Adına “basın kanunu” denilerek yazılı ve görsel medyayı hedefliyor gibi görünse de asıl amacın sosyal medya kullanımıyla ilgili olduğu yapılan tartışmaların içeriğiyle ortaya çıkıyor. Her ne kadar Cumhurbaşkanına hakaret maddesi sosyal medya kullanıcıları üzerinde bir kılıç gibi sallansa ve yüz binlerce insan bu durumdan ötürü yargılansa da, “suç” tanımlamasının genişletilmesi iktidar açısından bir zorunluluk.
Yeni yasayla birlikte “halkı yanıltıcı bilgiyi alenen yayma” gibi ucu belirsiz bir suç tanımı getiriliyor. Buna göre “Sırf halk arasında endişe, korku veya panik yaratmak saikiyle; ülkenin iç ve dış güvenliği, kamu düzeni ve genel sağlığı ile ilgili gerçeğe aykırı bir bilgiyi, kamu barışını bozmaya elverişli şekilde alenen yayan kimse, bir yıldan üç yıla kadar hapis cezasıyla cezalandırılıyor.”
Böylelikle “korku ve panik” gibi belirsiz kavramlar üzerinden yeni bir suç tanımlaması yapılıyor.

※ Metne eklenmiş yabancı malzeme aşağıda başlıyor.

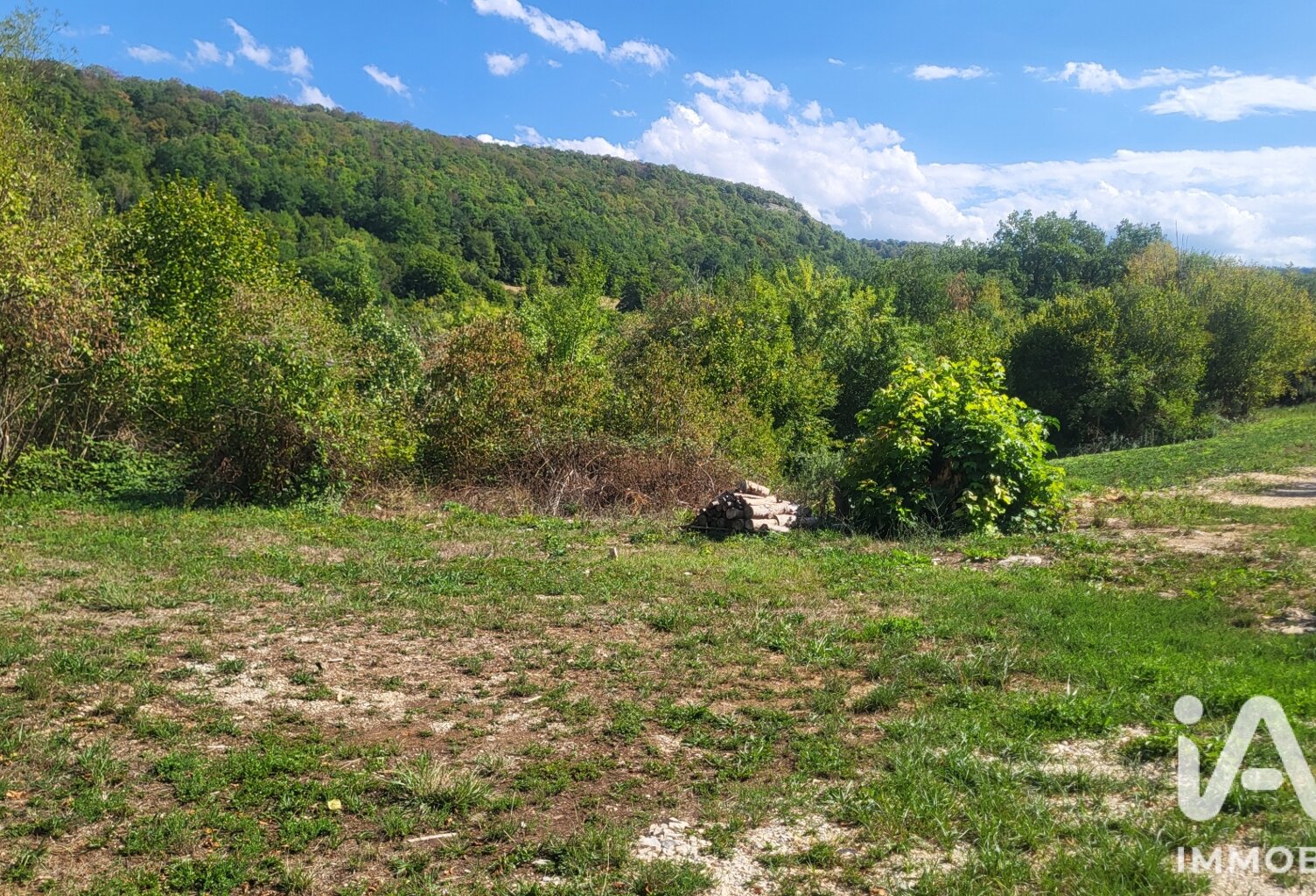 Vente Terrain à bâtir 3 560 m&sup2; — photo 1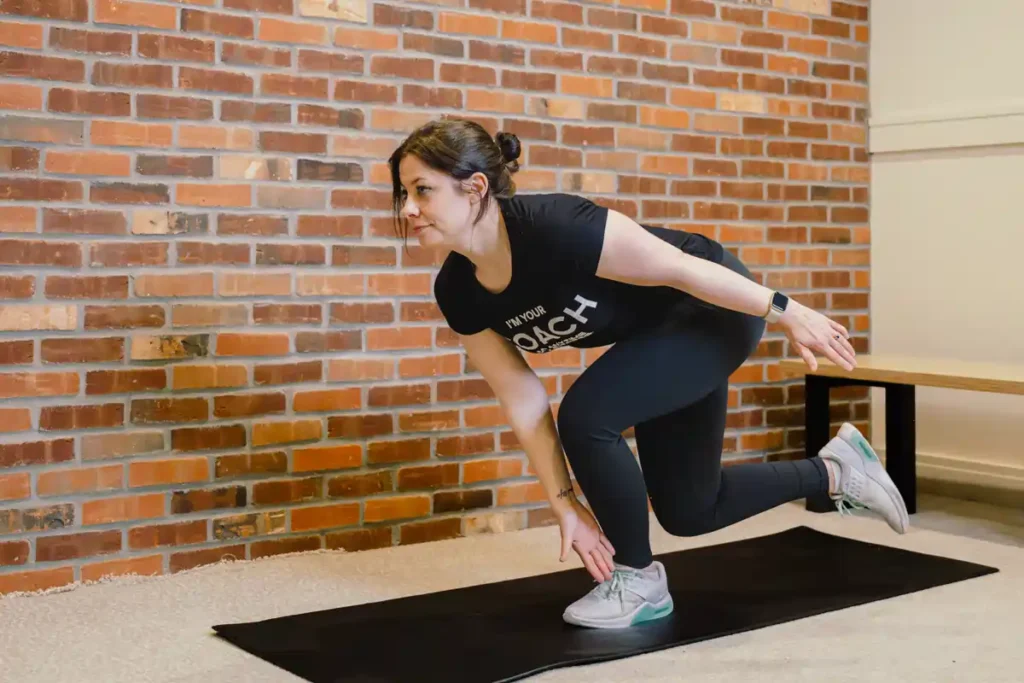 Tone Your Arms in Just One Week: Achieve Results Without the Gym! 1 A person exercising their arms at home with light weights Borehamwood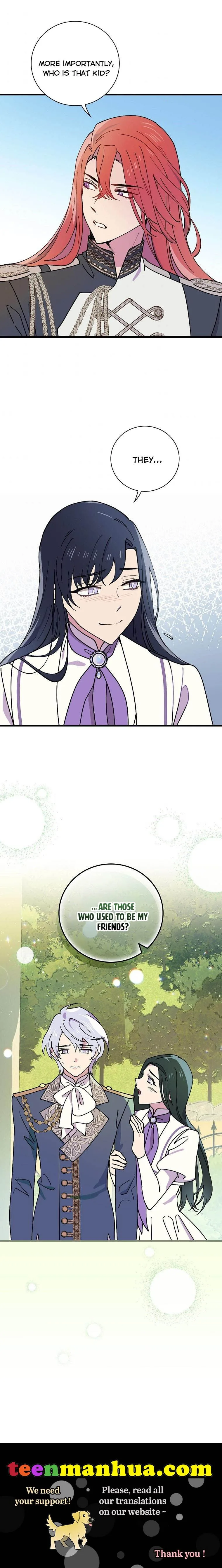 Melody of the Deadwood Chapter 41 page 20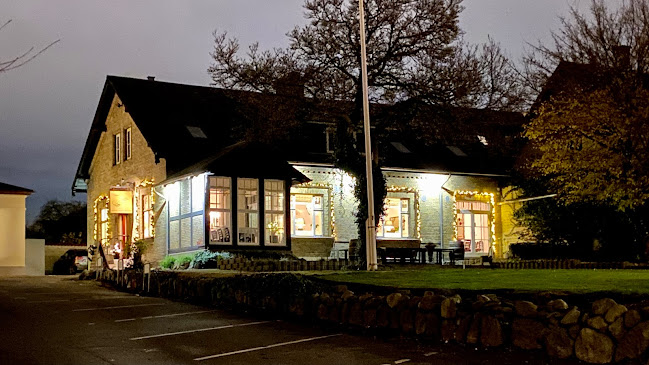 Restaurant Palæet - kun åbent for selskaber - Odense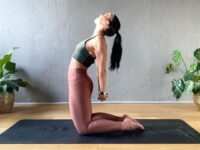 Maike Yoga Strength Fit To be yourself in
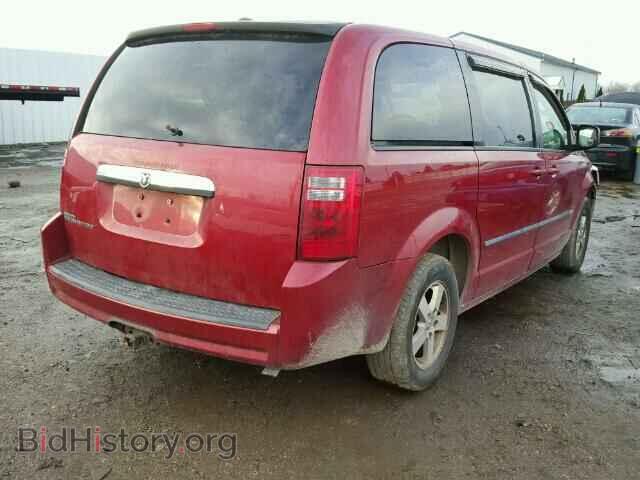 2008 DODGE CARAVAN - VIN: 1D8HN54P48B178245 - Фото 4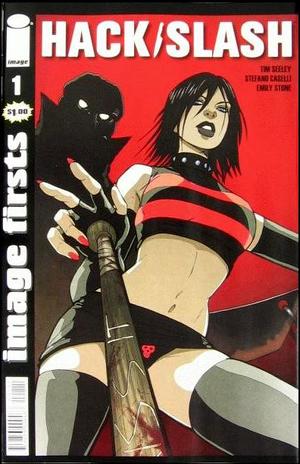 [Hack / Slash #1 (Image Firsts edition)]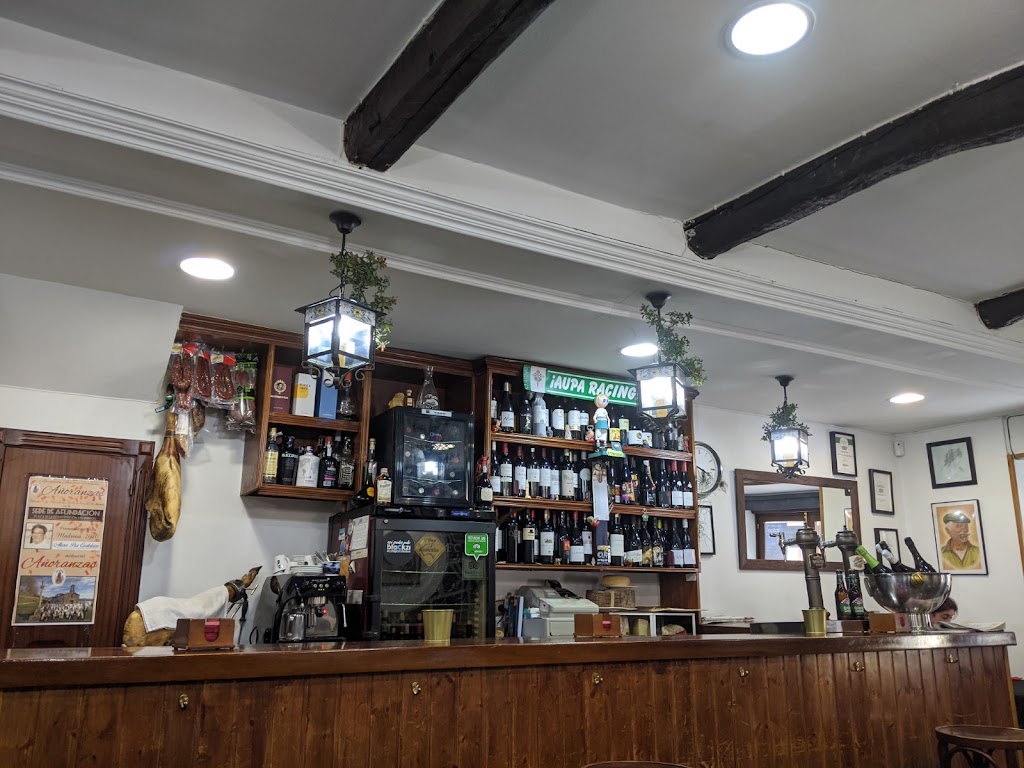Meson O'Carabel — Ambiente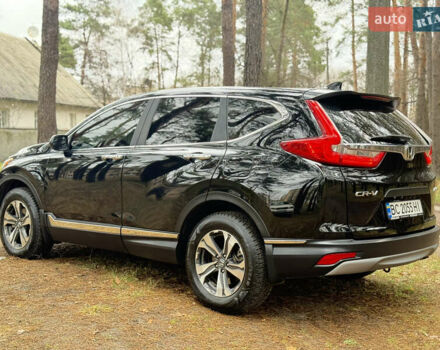 Чорний Хонда СРВ, об'ємом двигуна 2.4 л та пробігом 134 тис. км за 18900 $, фото 40 на Automoto.ua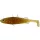 WESTIN Stanley the Stickleback Shadtail 9cm 7g Motoroil Gold Krabice Plastová nástraha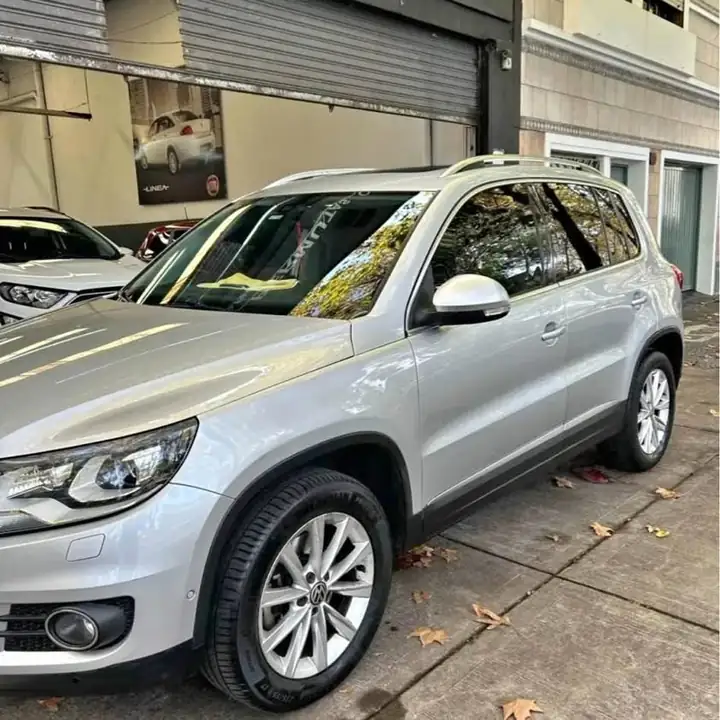 Volkswagen Tiguan 2013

Muhalefet ve iktidarın çok farklı “korku ve panik” gerekçeleri olduğu düşünüldüğünde yasanın hangi amaca hizmet edebileceği çok açık.
“Sosyal medya” kanunun işletilmesinde kilit rolü oynayacak. Örneğin alternatif bir enflasyon hesabının yapılması ve bunun açıklanması bile “yanıltıcı bilgi” kapsamına sokulup dava konusu edilebilir.
Gerçek olduğu ortada olan bir videonun yayınlanması ise “korku ve panik yaratması” gerekçesiyle suç konusu edilebilir. “İç ve dış güvenlik” gibi iktidarın çok sevdiği ve suistimal ettiği kavramlar, yasanın kullanımı için sonsuz bir hareket alanı tanıyor.
Asıl amacın “dezenformasyon” olmadığını, iktidarın sürekli şikayet ettiği dezenformasyonun asıl kaynağının yine iktidar olduğunu, bu kirliliğin devamı için de yüz binlerce trole istihdam yaratıldığını biliyoruz. Bu yasanın asıl amacı da AKP’nin memurları için sosyal medyayı dikensiz bir gül bahçesi haline getirmek. Yasanın yaklaşan seçim öncesi Meclis’e sunulması, seçim sürecinin nasıl geçeceğini gösteren önemli bir işaret.